* Task instructions
Produce word for word the lines of the data below running from the one that has "1st quiz for" to the one that has "cartoon teddy black", inclusive, and no others.

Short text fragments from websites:

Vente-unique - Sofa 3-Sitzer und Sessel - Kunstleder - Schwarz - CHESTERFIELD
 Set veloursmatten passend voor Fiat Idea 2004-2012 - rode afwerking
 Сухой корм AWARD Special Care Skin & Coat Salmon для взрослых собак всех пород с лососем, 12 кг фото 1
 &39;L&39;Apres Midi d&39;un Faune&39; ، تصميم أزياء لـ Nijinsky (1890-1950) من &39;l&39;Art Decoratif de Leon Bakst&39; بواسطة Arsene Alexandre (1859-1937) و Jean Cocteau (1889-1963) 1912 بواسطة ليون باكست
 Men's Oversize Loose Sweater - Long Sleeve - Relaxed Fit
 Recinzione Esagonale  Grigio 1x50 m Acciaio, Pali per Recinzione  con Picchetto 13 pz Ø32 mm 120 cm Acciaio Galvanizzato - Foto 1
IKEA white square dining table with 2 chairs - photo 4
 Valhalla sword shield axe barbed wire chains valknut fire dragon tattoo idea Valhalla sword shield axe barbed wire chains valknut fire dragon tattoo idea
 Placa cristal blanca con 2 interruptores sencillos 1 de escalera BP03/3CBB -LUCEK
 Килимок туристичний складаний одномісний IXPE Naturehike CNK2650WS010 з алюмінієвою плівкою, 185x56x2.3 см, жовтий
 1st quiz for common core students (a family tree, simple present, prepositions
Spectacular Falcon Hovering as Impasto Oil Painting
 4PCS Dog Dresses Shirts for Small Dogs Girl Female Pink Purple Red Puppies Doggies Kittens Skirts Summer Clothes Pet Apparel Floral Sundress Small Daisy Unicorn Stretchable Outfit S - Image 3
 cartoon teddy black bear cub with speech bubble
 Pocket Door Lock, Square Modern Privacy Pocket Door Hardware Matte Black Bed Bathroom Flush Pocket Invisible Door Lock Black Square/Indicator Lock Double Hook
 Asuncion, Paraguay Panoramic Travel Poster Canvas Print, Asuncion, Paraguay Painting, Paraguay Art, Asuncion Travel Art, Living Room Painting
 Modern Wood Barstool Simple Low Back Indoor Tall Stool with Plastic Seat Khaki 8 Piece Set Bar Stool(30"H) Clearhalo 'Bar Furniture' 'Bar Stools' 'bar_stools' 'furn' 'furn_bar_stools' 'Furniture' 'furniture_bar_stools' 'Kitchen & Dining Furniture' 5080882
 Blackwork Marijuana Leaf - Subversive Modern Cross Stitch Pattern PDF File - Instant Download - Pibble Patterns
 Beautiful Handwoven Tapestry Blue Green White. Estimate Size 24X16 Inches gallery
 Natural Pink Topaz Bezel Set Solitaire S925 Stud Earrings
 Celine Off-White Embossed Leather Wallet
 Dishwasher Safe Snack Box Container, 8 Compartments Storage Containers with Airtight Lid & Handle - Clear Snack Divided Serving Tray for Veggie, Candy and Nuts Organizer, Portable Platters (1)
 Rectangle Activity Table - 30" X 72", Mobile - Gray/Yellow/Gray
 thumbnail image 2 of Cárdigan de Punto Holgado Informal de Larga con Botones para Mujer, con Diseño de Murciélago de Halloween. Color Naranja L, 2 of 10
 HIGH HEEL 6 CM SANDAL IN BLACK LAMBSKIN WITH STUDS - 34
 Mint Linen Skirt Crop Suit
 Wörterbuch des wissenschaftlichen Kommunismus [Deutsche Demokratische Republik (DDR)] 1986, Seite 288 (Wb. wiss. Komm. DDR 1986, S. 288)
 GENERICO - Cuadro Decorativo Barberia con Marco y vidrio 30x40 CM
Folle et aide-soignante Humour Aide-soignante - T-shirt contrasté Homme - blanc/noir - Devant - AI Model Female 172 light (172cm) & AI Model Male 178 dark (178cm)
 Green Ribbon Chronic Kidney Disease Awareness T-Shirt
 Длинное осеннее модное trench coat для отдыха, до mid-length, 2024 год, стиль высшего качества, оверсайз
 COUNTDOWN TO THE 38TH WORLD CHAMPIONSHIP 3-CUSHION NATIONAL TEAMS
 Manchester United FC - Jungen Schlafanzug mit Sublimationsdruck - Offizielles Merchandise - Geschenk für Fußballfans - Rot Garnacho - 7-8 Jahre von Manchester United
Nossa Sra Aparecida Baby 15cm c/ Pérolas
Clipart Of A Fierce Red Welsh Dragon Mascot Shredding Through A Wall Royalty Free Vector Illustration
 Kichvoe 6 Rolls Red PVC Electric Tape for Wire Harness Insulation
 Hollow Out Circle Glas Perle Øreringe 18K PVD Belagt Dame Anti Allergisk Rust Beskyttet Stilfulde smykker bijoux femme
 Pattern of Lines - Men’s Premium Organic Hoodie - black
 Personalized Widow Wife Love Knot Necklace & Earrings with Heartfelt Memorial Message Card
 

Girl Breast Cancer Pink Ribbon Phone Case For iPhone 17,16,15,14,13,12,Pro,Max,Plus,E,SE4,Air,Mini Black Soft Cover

* Answer to the problem
 1st quiz for common core students (a family tree, simple present, prepositions
Spectacular Falcon Hovering as Impasto Oil Painting
 4PCS Dog Dresses Shirts for Small Dogs Girl Female Pink Purple Red Puppies Doggies Kittens Skirts Summer Clothes Pet Apparel Floral Sundress Small Daisy Unicorn Stretchable Outfit S - Image 3
 cartoon teddy black bear cub with speech bubble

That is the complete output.